Aşırılığın (şiddet içermeyen) bir diğer görünümü, toplumdan kopuş ve soyutlanmadır. Fransa Cumhurbaşkanı, Müslüman toplumları laik cumhuriyetin değerlerini ve gerçekte inkâr etmedikleri kadın-erkek eşitliğini ‘tanımaya’ zorladı! Vatikan sempozyumuna İslam ülkelerinden katılan Müslüman araştırmacıların da gösterdiği üzere ‘nefret, takıntı ve tecrit’ fenomeni Fransa ve Avrupa Kıtası’ndaki Müslümanlar ile sınırlı değildir. Aksine, bir dizi Arap ve İslam ülkesinde mevcuttur. Bazı araştırmacılar bunun baş edilemeyen küreselleşme değişkenlerine bir tepki olduğunu söylediler, bazıları bunun selefilik ve modernite çalışmalarının konusu olduğunu belirttiler.
Peki, araştırmacılar bu tür bir geri çekilmenin şiddete doğru yeni bir ivme yaratacağından korkuyorlar mı?
İki veya üç kişi (aralarında bir de Fransız vardı) bunun korkutucu olmadığını söyledi.
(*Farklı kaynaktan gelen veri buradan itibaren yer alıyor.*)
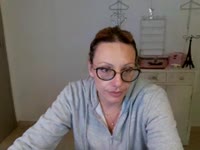 AUCUNE DEMANDE GRATUITE ! pv soft et En vip demande le double gode, gode anal, boule gaicha anal squirt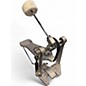 Used Yamaha FP6110A Single Bass Drum Pedal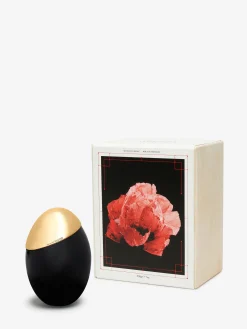Savage Bloom Candle in ><noscript><img width=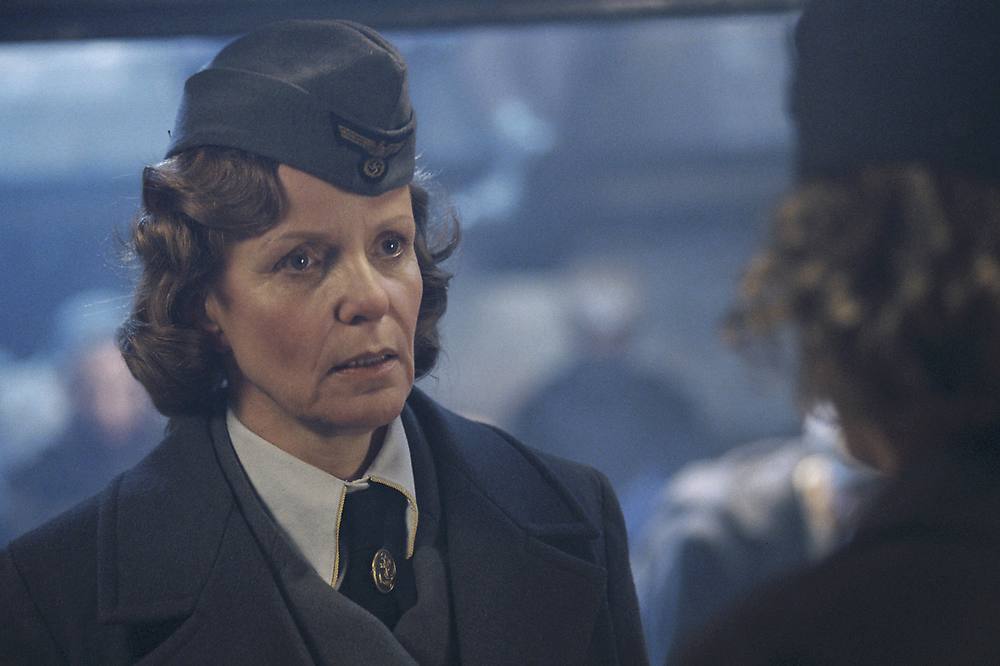 Густлофф (2008)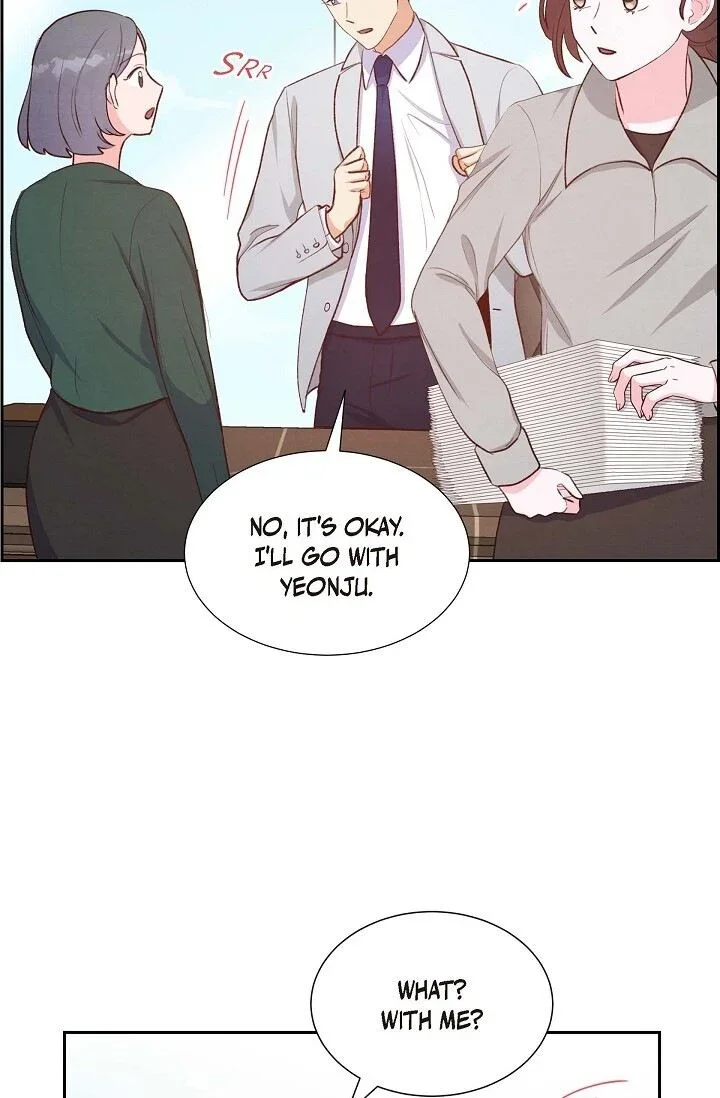 a-spoonful-of-your-love-chap-31-31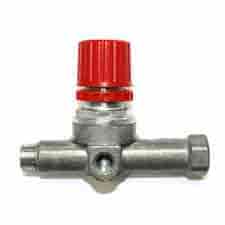 Bostitch AB-9415883 Pressure Reducer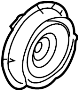 View 1Y0035411N Full-Sized Product Image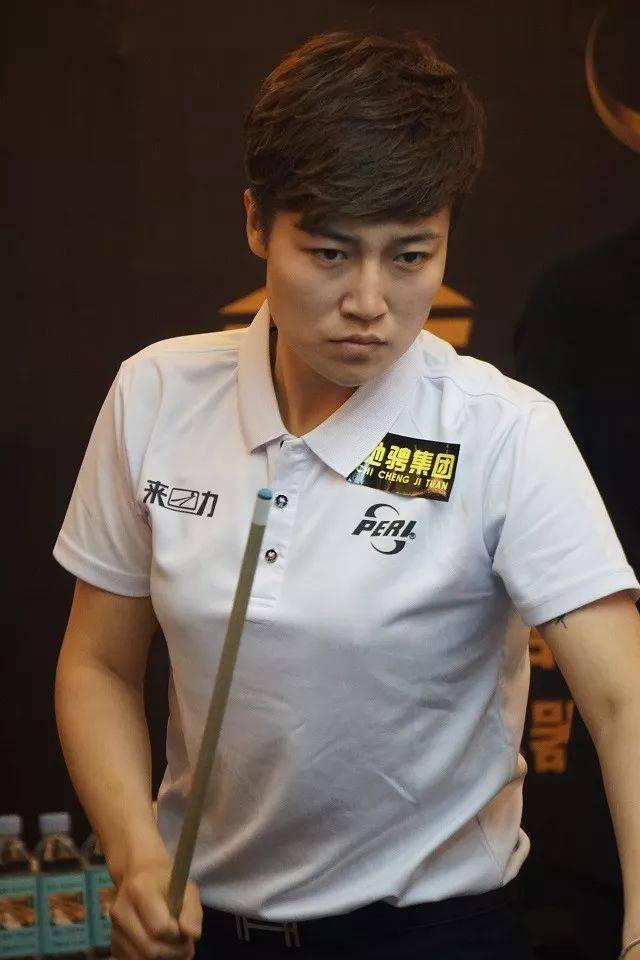 丰富的对手 丰富的对手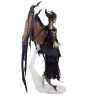 Figurine Lilith Elite Edition - Diablo IV McFarlane Toys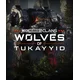 MechWarrior 5: Clans - Wolves of Tukayyid (DLC) Steam Key (PC) EUROPE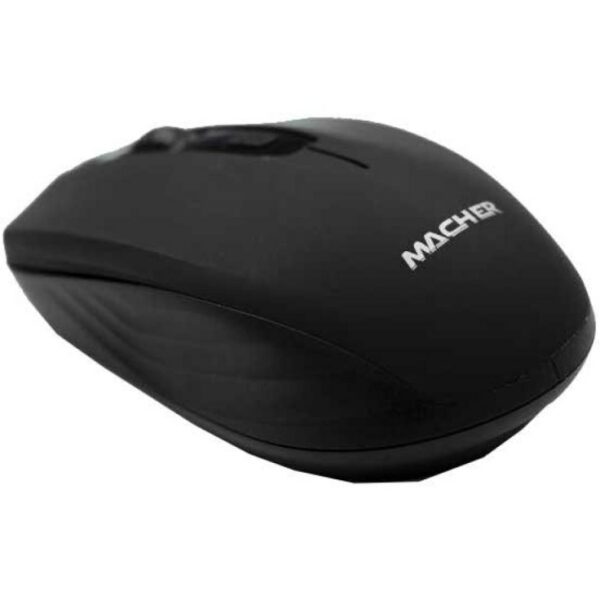 ماوس بی سیم مچر Macher MR-W26 Wireless Mouse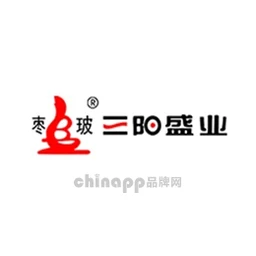 枣玻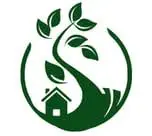 Urban Green Project
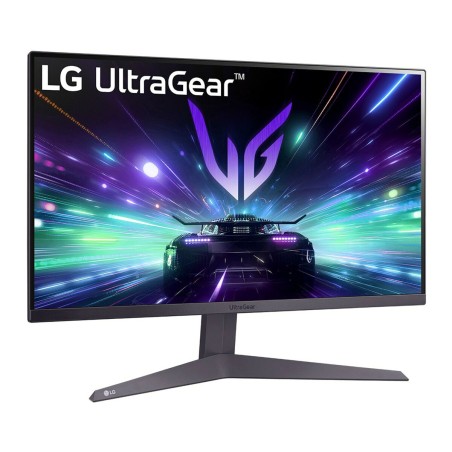 Monitor LG 24GS50F-B Full HD
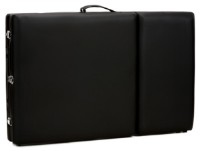 Массажный стол BodyFit 4088 XXL фото №3 — интернет-магазин Desire.md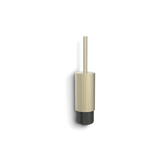 Decor Walther – OF.LINE Wandbevestiging Toiletborstel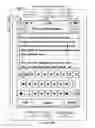 Fig. 89 - Methods and graphical user interfaces for editing on a multifunction device with a touch screen display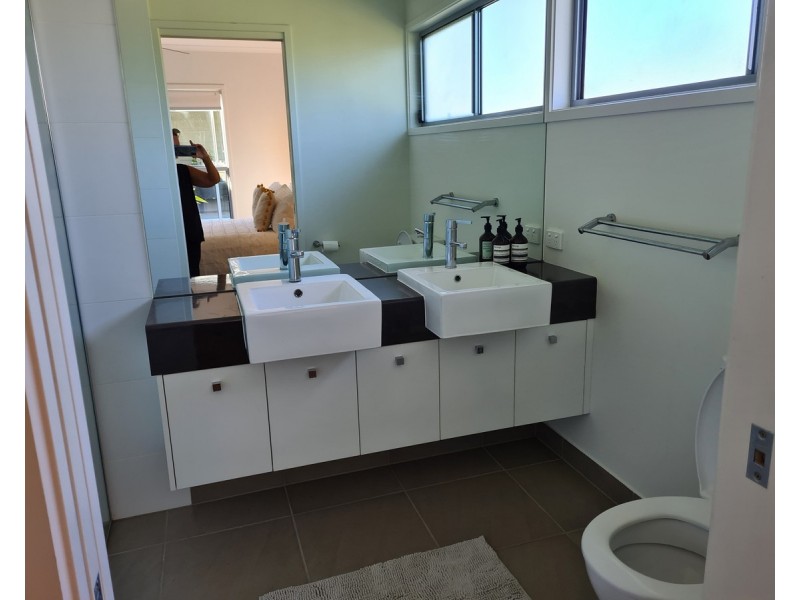 80 Balgownie Drive, Peregian Springs QLD 4573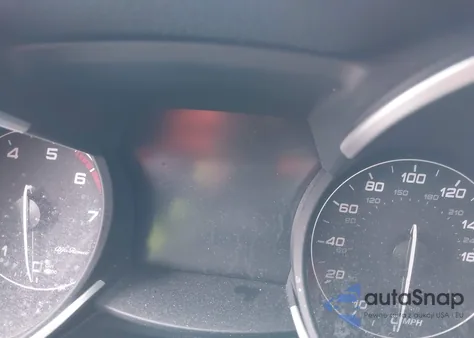 2020 Alfa Romeo Stelvio Ti Sport Awd z USA, uszkodzony, nr VIN ZASPAKBNXL7C74423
Ancak Nahdlatul Ulema Derneği'nin Endonezyalı başkanının belirttiği gibi, bu "çok sayıda eş ve çocuklarını etkileyecek. Müslüman bir toplum olsa bile onları çevrelerindeki toplumdan soyutlayacak veya sorgulatacak. Dini oluşumların Müslümanlar arasında artık popüler olmadığı iddiası doğru değil. Özellikle Suudi Arabistan, Mısır ve Endonezya'da büyük etkileri var. Bu nedenle dini oluşumların son otuz yıllık süreçte elde ettiği ehliyet, -Seyyid Kutub’a göre- ‘duygusal izolasyon’ zorluğunun üstesinden gelinmesine oldukça yardımcı oluyor ve aynı şekilde şiddet yanlısı aşırılığa da kafa tutuyor! Diğer yandan dini kurumların eğitim alanında devletlerle iş birliği yapması ve tüm çocukların izolasyonu, yalnızlığı ve kopuşu önleyecek ortak eğitim ve öğretim programlarıyla yetiştirilmeleri gerekiyor.
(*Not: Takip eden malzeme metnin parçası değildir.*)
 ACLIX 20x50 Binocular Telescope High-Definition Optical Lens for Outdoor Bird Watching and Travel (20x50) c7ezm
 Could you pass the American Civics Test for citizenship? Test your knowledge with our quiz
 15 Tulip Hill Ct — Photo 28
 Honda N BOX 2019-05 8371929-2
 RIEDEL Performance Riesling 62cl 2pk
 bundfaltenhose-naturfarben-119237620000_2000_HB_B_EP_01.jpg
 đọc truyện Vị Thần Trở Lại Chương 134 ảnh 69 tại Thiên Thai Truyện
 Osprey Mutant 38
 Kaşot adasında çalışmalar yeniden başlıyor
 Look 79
Papalık Enstitüsü Başkanı iki tür aşırılıktan söz etti: Kamuya güçlü bir şekilde müdahale eden radikalizm ve kutsal kitaplara harfi harfine dönüşe odaklanan fundamentalizm (köktendincilik). Radikaller şiddete başvururken, köktendinciler metnin görünüşünü esas alıp duygusal ve bilinçsiz bir izolasyona sürüklendi. Dünya, her ne kadar kamusal alandaki doğrudan etkileri dolayısıyla radikallerle ilgilense de radikallerin düşüşünden sonra etkisi artan köktendinciliğe daha fazla dikkat edilmesi gerekiyor. Bu bağlamda diğer dinlerin yanı sıra İbrahimi dinlerin dini kurumları arasında iş birliği yapılması gerekiyor. Houston Katolik Piskoposu'nun Mindanao Adası’ndan bir Cizvit keşişin ve Muhammediyye Âlimler Birliği Genel Sekreteri Dr. Ahmed Abbadi’nin sunumlarında da gösterilen örnek buydu.